Restate word for word the section of the entries that opens at the line containing "Frosted retro bag" and closes at the line containing "Local comercial en", both lines kept, pictures dropped.

### Material to process
_____
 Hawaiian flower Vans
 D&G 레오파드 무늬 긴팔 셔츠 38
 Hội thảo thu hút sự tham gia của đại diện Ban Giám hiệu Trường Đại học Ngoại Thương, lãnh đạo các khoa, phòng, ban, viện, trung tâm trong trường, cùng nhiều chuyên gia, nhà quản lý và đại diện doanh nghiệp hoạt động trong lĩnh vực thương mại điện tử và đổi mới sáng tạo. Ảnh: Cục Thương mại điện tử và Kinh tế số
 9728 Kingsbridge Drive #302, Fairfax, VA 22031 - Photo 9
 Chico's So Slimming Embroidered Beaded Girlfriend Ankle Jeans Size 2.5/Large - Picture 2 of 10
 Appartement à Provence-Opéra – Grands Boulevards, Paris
_____
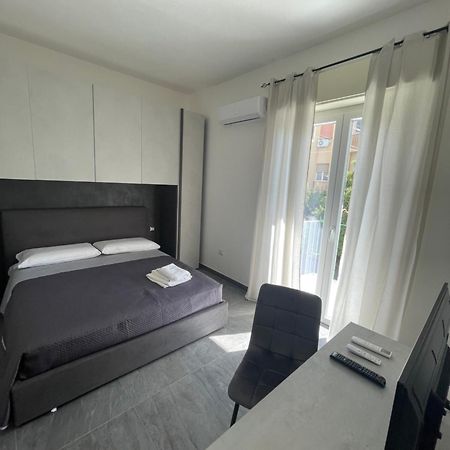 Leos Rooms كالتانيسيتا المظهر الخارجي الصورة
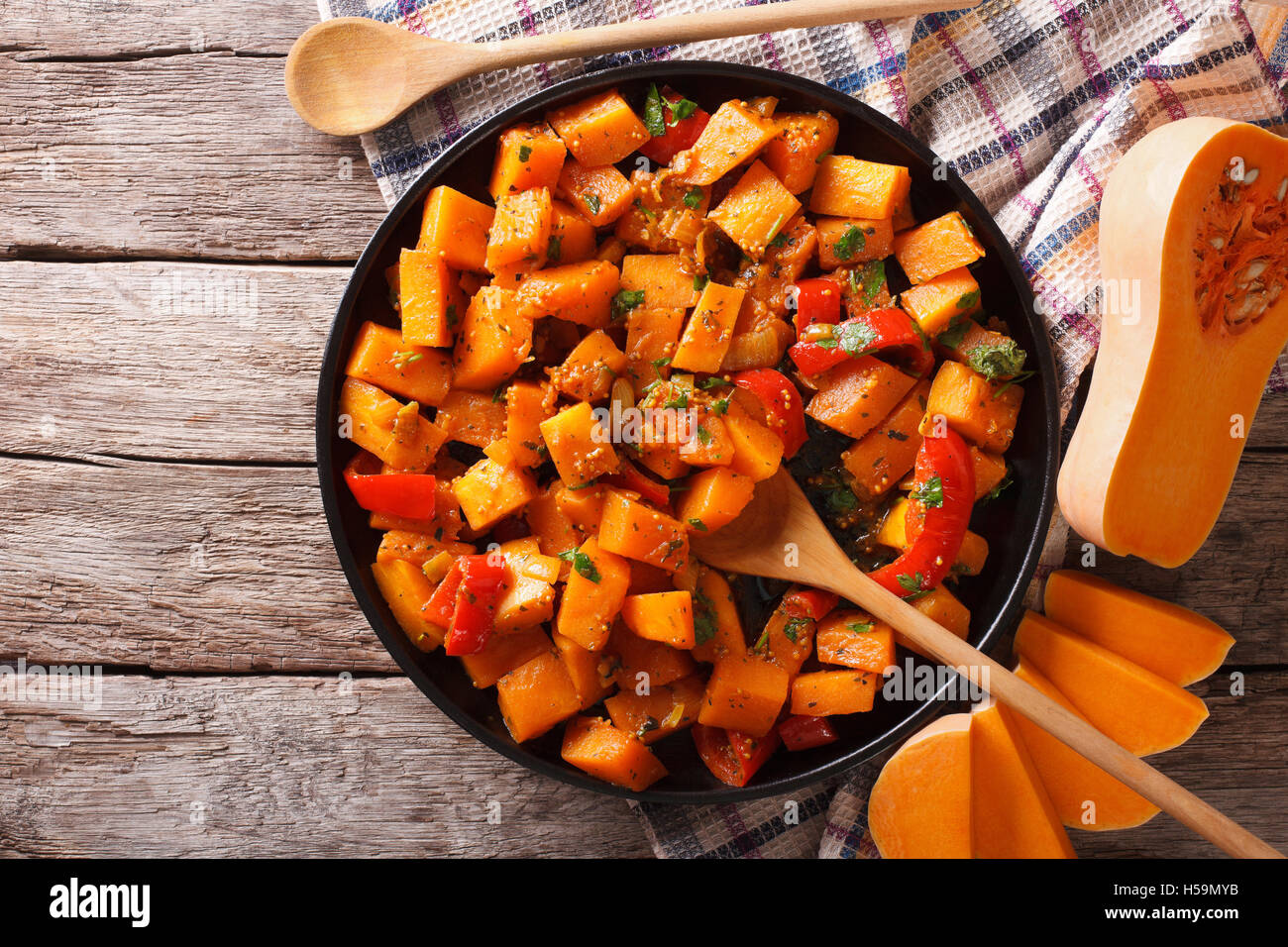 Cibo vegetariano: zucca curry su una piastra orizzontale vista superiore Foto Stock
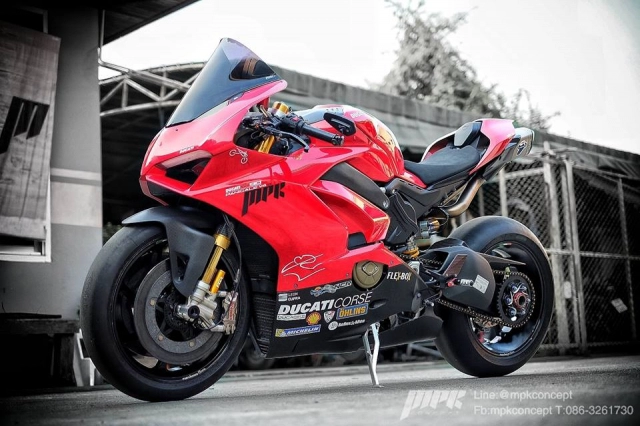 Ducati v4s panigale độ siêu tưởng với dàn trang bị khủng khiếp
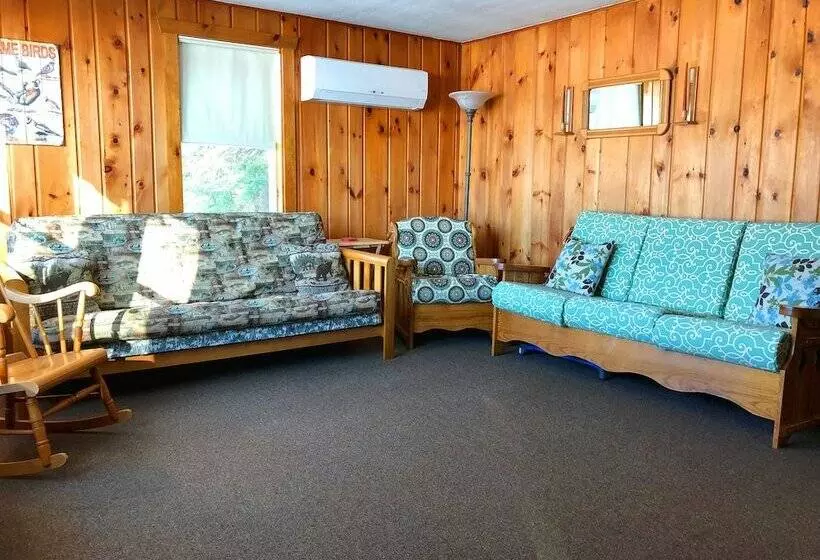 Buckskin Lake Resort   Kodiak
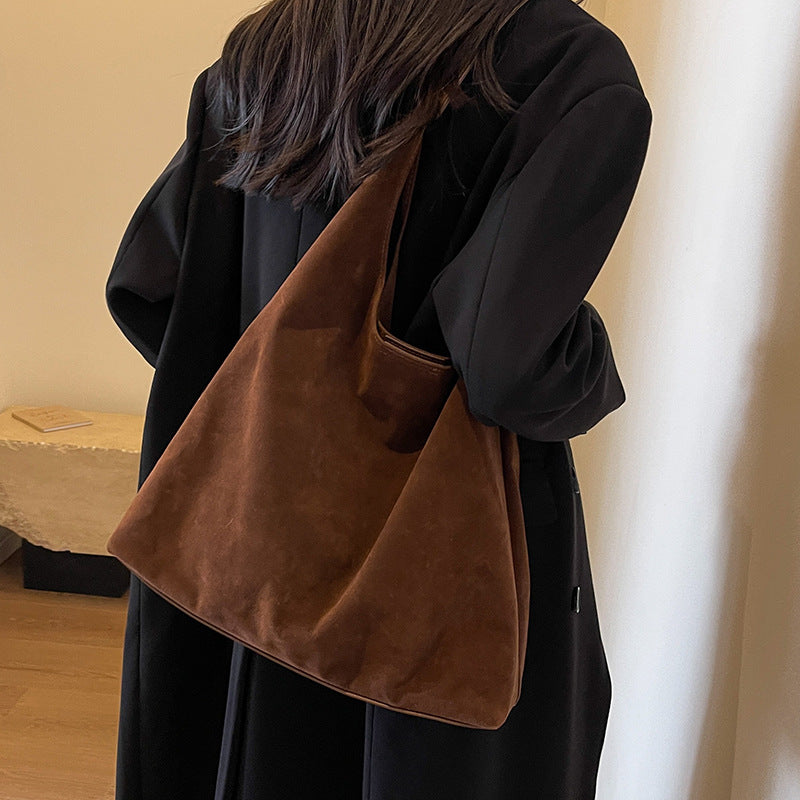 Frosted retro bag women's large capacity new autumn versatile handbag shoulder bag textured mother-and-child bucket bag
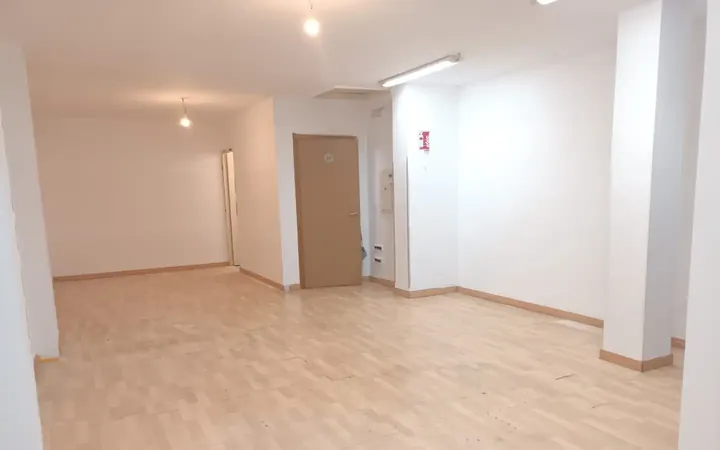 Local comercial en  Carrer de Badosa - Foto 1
_____
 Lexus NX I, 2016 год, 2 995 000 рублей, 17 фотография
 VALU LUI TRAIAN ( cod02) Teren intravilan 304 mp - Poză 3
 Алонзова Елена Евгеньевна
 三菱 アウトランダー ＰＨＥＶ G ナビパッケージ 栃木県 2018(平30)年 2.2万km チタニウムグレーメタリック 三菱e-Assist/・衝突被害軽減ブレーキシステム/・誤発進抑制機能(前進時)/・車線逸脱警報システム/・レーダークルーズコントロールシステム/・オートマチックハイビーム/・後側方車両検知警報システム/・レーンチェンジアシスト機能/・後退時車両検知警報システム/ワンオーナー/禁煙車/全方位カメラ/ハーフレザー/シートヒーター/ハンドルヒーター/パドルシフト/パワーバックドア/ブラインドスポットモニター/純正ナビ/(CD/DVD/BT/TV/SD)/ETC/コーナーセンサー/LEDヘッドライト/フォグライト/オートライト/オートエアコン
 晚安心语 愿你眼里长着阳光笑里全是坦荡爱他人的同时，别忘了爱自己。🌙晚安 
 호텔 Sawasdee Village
_____
### Task response
 Frosted retro bag women's large capacity new autumn versatile handbag shoulder bag textured mother-and-child bucket bag
 Local comercial en  Carrer de Badosa - Foto 1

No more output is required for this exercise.